I found this at a local antique shop that usually doesn't give up much. For $19.95, I think I made a good deal. It's from Lexington Kentucky. I have never seen a marking like the one on the base pictured before. Has anyone ever seen it before? I already have a Lexington Coke, so this one is going to be resold.


----------



## WesternPA-collector (Dec 8, 2019)

I've never seen it either. That's a great pickup!


----------



## Screwtop (Dec 9, 2019)

Could it be Gayner Glass Works, Salem NJ? I saw a description of one of their marks, having a G with an embossed bottle on top. This is a G on my bottle, not a horseshoe, now that I look at it.


----------



## Screwtop (Dec 9, 2019)

Did some more research, and it's not Gayner.


----------



## iggyworf (Dec 9, 2019)

Excellent! But also have never seen that mark before.


----------



## Screwtop (Dec 9, 2019)

iggyworf said:


> Excellent! But also have never seen that mark before.

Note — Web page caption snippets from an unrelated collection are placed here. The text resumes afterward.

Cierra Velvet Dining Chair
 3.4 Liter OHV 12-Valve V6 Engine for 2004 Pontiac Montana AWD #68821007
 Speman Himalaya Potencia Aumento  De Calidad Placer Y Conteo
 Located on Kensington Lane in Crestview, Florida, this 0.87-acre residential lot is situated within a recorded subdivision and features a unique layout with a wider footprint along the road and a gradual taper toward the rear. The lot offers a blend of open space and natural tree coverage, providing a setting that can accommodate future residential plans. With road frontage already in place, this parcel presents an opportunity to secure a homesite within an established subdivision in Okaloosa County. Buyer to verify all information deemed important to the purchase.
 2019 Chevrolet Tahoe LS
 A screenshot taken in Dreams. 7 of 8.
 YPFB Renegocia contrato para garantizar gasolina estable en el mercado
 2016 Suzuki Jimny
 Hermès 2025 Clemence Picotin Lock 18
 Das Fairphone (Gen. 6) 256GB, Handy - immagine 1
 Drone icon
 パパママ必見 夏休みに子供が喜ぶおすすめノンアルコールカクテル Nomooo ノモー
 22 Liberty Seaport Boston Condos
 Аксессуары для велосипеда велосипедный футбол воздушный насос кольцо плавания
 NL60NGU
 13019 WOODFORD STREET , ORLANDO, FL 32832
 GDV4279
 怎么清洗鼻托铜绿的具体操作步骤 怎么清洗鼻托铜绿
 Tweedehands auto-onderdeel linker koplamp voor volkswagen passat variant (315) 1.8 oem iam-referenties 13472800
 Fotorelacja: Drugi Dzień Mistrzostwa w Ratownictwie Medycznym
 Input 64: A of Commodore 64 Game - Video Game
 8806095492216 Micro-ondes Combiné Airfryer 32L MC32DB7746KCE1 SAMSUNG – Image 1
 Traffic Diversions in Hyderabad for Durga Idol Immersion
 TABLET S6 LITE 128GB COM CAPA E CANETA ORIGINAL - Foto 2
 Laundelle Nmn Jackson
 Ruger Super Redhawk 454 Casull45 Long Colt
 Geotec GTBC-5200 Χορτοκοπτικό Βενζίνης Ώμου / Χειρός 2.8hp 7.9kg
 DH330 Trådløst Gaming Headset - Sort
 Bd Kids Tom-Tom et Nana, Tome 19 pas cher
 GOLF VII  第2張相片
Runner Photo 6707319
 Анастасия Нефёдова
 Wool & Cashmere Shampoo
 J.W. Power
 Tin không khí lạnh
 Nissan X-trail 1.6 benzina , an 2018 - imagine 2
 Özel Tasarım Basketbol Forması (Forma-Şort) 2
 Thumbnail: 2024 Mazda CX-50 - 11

I can't find anything like it. No one seems to know.


----------



## Screwtop (Dec 9, 2019)

I notice that is is a really red color compared to my other bottles. I've been doing searches all day, with no luck on the base mark, but I've seen bottles of this color.


----------



## Screwtop (Dec 9, 2019)

http://bottleinfo.historicbottles.com/pdffiles/GrahamGlass.pdf
		


Found it! But this is the exciting part!

"Bill Porter has discovered nine examples – from five states, all in the South – where the mark appeared on the bases of a straight-sided Coke bottles"


----------



## swpender (Dec 30, 2019)

This is from Bill Porter 4th Edition







Sent from my iPhone using Tapatalk


----------



## Screwtop (Dec 30, 2019)

swpender said:


> This is from Bill Porter 4th Edition
> 
> 
> 
> ...




The problem is, every Lexington straight side I've come across does not have this marking on it.


----------



## swpender (Dec 30, 2019)

Certainly isn’t a run-of-the-mill SSC. The article says 9 examples in 5 states. If that is still the number, worst case is 5 of them are Lexington. Probably in the “worthy of email” to oldcokes@aol.com 


Sent from my iPhone using Tapatalk


----------



## Screwtop (Dec 30, 2019)

Definitely not run of the mill. It's been a while, and no answers from anybody I thought would know.


----------



## Patagoniandigger (Jan 17, 2020)

T


Screwtop said:


> View attachment 191665View attachment 191666View attachment 191667
> 
> 
> 
> ...


The bottle embossed on the base is the only  thing upside down. I think. It's a  G to me. By the way. Neat one.


----------



## mayor (Feb 19, 2020)

How much you want for the bottle?  It would look good with my other 200 plus soda bottles!


----------